Le conseguenze, nella riflessione sempre tranciante ma pragmatica di Allegri, è una sola: «Le scelte scolastiche,
formative e universitarie continuano a generare vere e proprie segregazioni professionali di genere. E così la separazione tra scuola e lavoro, tra apprendimento e pratica, costituisce un ulteriore elemento allarga distanze. Pur con tutti i limiti, l’alternanza scuola-lavoro introdotta dal provvedimento sulla ‘buona scuola’ del governo Renzi, poi di fatto svuotata dai provvedimenti degli esecutivi successivi, aveva cercato di avvicinare i due mondi, prendendo esempio anche dalle buone pratiche del sistema duale realizzato dall’Istruzione e formazione professionale e dagli Istituti tecnici superiori». Ed è su questi che Allegri si concentra: «Gli ITS, in realtà, esistono dal 1998 ma la loro vera forza la stiamo scoprendo negli ultimi anni. Confindustria ha sempre voluto potenziare la ‘seconda gamba’ dell’offerta formativa terziaria, subito professionalizzante, un master post diploma, perché le nostre imprese hanno bisogno di persone qualificate: laureati, soprattutto nelle discipline scientifico-tecnologiche (Stem) ma anche di periti e diplomati ITS, fondamentali per agganciare l’innovazione e spingere la ripresa».
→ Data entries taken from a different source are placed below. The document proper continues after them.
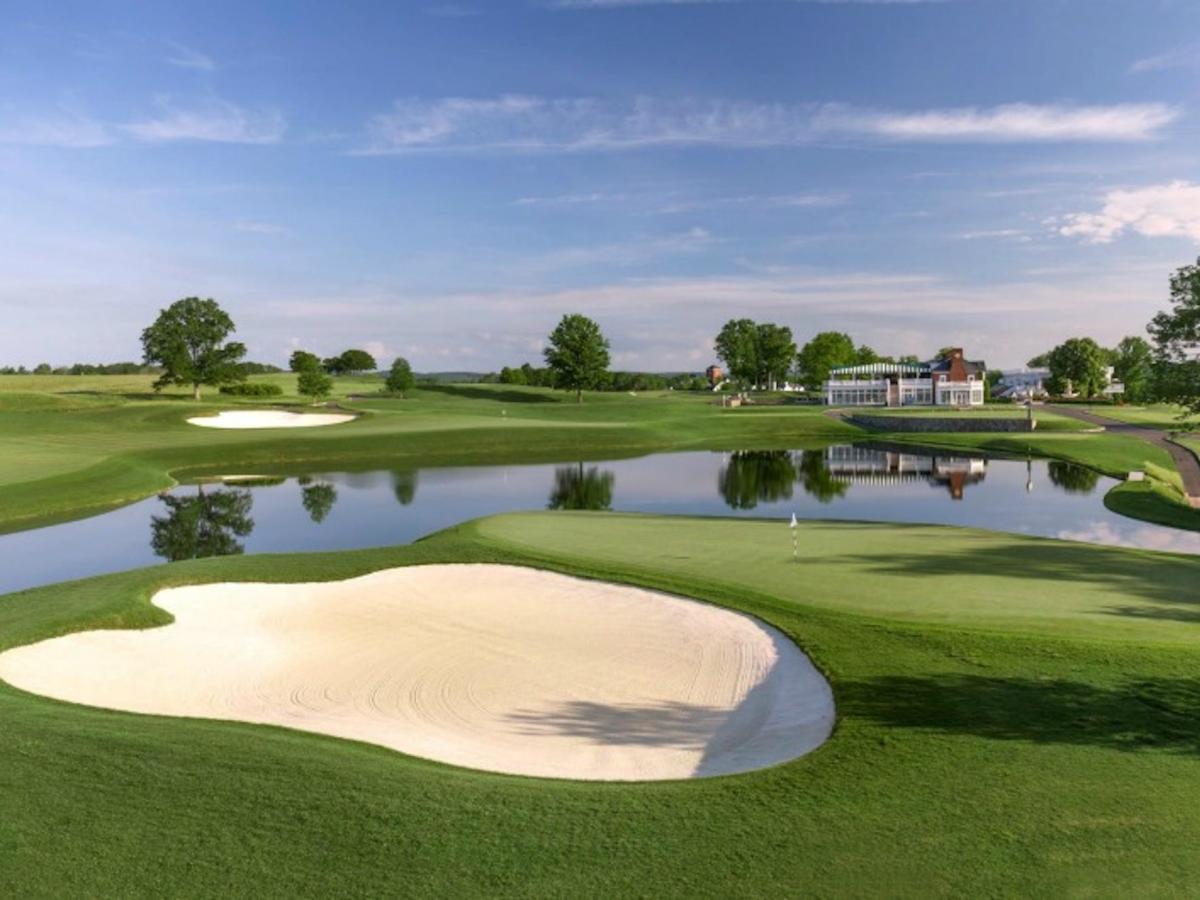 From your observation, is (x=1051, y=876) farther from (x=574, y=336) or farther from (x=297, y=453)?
(x=574, y=336)

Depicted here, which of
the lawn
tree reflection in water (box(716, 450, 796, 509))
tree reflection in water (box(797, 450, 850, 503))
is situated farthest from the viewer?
tree reflection in water (box(797, 450, 850, 503))

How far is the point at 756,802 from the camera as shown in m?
8.59

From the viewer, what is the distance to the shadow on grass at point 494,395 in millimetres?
113125

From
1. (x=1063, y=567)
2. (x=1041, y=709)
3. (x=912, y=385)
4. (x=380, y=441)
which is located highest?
(x=912, y=385)

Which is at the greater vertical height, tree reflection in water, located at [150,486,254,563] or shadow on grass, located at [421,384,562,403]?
shadow on grass, located at [421,384,562,403]

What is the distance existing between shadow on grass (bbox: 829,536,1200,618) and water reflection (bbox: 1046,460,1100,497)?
2090 centimetres

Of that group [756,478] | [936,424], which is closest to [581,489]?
[756,478]

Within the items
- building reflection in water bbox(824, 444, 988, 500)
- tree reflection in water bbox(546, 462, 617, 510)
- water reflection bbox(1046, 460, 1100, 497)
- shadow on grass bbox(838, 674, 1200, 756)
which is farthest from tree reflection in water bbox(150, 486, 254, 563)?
water reflection bbox(1046, 460, 1100, 497)

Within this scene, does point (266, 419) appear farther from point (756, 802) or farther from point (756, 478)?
point (756, 802)

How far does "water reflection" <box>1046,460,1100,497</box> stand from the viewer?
42188mm

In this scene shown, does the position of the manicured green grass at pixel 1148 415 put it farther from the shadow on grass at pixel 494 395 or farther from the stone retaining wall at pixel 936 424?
the shadow on grass at pixel 494 395

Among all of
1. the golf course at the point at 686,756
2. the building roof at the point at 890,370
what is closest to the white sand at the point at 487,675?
the golf course at the point at 686,756

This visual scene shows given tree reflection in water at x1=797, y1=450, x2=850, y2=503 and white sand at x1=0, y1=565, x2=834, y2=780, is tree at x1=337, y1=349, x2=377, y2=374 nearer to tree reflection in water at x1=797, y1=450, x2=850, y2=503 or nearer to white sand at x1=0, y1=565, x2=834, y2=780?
tree reflection in water at x1=797, y1=450, x2=850, y2=503

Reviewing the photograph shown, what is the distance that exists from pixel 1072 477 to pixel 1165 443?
51.7 feet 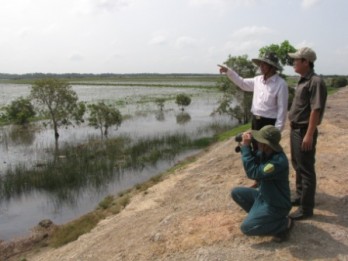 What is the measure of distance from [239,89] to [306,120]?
22352 mm

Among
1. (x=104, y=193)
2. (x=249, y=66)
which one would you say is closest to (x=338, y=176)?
(x=104, y=193)

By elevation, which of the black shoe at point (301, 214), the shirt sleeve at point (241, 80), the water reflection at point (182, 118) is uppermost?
the shirt sleeve at point (241, 80)

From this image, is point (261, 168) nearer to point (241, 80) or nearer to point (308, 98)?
point (308, 98)

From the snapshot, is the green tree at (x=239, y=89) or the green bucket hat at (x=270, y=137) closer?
the green bucket hat at (x=270, y=137)

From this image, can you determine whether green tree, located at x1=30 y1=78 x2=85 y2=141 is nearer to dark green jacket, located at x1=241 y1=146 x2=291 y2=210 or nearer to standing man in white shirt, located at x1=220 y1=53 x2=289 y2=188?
standing man in white shirt, located at x1=220 y1=53 x2=289 y2=188

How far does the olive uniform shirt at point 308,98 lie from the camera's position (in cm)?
466

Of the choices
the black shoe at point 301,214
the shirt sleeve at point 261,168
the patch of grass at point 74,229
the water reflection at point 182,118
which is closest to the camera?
the shirt sleeve at point 261,168

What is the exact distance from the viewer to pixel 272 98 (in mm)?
5445

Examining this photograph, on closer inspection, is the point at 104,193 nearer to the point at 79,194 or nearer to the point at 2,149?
the point at 79,194

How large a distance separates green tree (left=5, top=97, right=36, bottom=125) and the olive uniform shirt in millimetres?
28986

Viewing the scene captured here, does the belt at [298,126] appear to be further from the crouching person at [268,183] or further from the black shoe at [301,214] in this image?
the black shoe at [301,214]

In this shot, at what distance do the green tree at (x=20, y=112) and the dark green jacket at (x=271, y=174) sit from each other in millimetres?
29171

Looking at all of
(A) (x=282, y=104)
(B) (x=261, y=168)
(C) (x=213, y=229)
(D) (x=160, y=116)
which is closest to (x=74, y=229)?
(C) (x=213, y=229)

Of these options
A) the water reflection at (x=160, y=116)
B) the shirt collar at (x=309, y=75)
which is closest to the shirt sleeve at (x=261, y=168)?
the shirt collar at (x=309, y=75) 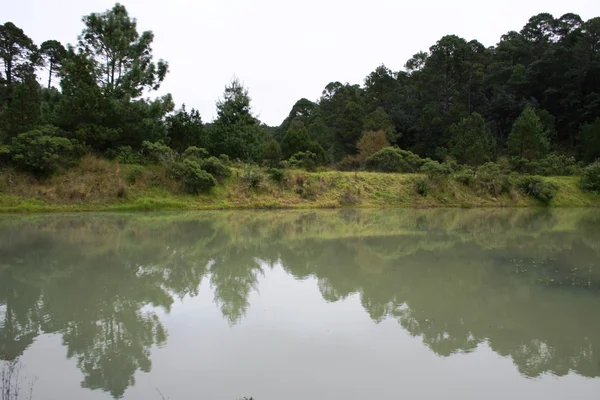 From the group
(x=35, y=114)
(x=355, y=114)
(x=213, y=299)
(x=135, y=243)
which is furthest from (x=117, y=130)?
(x=355, y=114)

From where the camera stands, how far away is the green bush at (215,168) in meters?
24.8

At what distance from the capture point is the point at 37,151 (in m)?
21.2

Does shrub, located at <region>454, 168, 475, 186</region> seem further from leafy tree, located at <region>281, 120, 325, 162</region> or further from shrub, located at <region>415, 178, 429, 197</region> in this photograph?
leafy tree, located at <region>281, 120, 325, 162</region>

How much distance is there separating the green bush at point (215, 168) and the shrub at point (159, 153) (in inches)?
66.6

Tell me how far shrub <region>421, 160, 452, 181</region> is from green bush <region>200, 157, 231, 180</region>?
42.1ft

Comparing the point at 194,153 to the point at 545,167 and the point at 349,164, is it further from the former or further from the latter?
the point at 545,167

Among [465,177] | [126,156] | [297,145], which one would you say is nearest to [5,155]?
[126,156]

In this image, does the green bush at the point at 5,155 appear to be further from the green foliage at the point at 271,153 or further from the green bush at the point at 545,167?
the green bush at the point at 545,167

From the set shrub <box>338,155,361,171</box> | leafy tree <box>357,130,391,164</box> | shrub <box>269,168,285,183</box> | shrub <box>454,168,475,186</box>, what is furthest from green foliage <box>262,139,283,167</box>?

L’appiglio cui aggrapparsi: «Sono convinto che la riforma ITS, approvata lo scorso 12 luglio anche grazie all’intervento del nostro sistema Confindustria, rappresenti un segnale di fiducia per giovani, famiglie, imprenditori e sostenga la competitività del Paese. Un segnale ancor più forte che le imprese sono partner forti della scuola. E questo non significa ‘aziendalizzare’ la scuola, ma supportarla nel potenziare la didattica laboratoriale e avere una maggiore contaminazione con il mondo del lavoro. In sintesi, dare più opportunità ai nostri giovani per entrare subito dalla porta principale, portando competenze, entusiasmo e idee. È una formula win win che esce dalla visione miope legata ai soli sussidi e politiche passive per i ragazzi in età da lavoro e la sua forza si riscontra anche grazie alla sua flessibilità: l’ITS Academy è capace di continui adattamenti, se tra quattro anni, ad esempio, cambia l’industria, si aggiornano i percorsi e si iniziano subito a formare le nuove competenze necessarie. La nostra associazione è socia della Fondazione Nuove Tecnologie per il Made in Italy che propone alcuni ITS tra cui il primo, in partenza in autunno, intitolato ‘Automazione e Innovazione per la Transizione Ecologica’ (https://www.itscremona.it). Teniamo moltissimo all’ITS del nostro territorio, un percorso biennale che risponde esattamente alle richieste delle imprese del territorio e che garantisce competenze tecniche qualificate ai partecipanti. Oggi chi cerca un lavoro ha una possibilità importante, partecipare al corso ITS significa qualificarsi, acquisire competenze e garantirsi l’accesso in settori strategici grazie anche ad un apprendimento duale on the job. Lo dicono i dati: l’85% degli iscritti trova lavoro non appena concluso il percorso formativo. Non a caso, la nostra associazione e le nostre imprese sono talmente focalizzati sull’ ITS che, grazie al contributo della Fondazione Next Generation 3C, recentemente costituita da noi imprenditori, verranno assegnate borse di studio del valore complessivo di 3.000 euro a tutti i partecipanti che termineranno il percorso biennale. E credo sia davvero una grande occasione».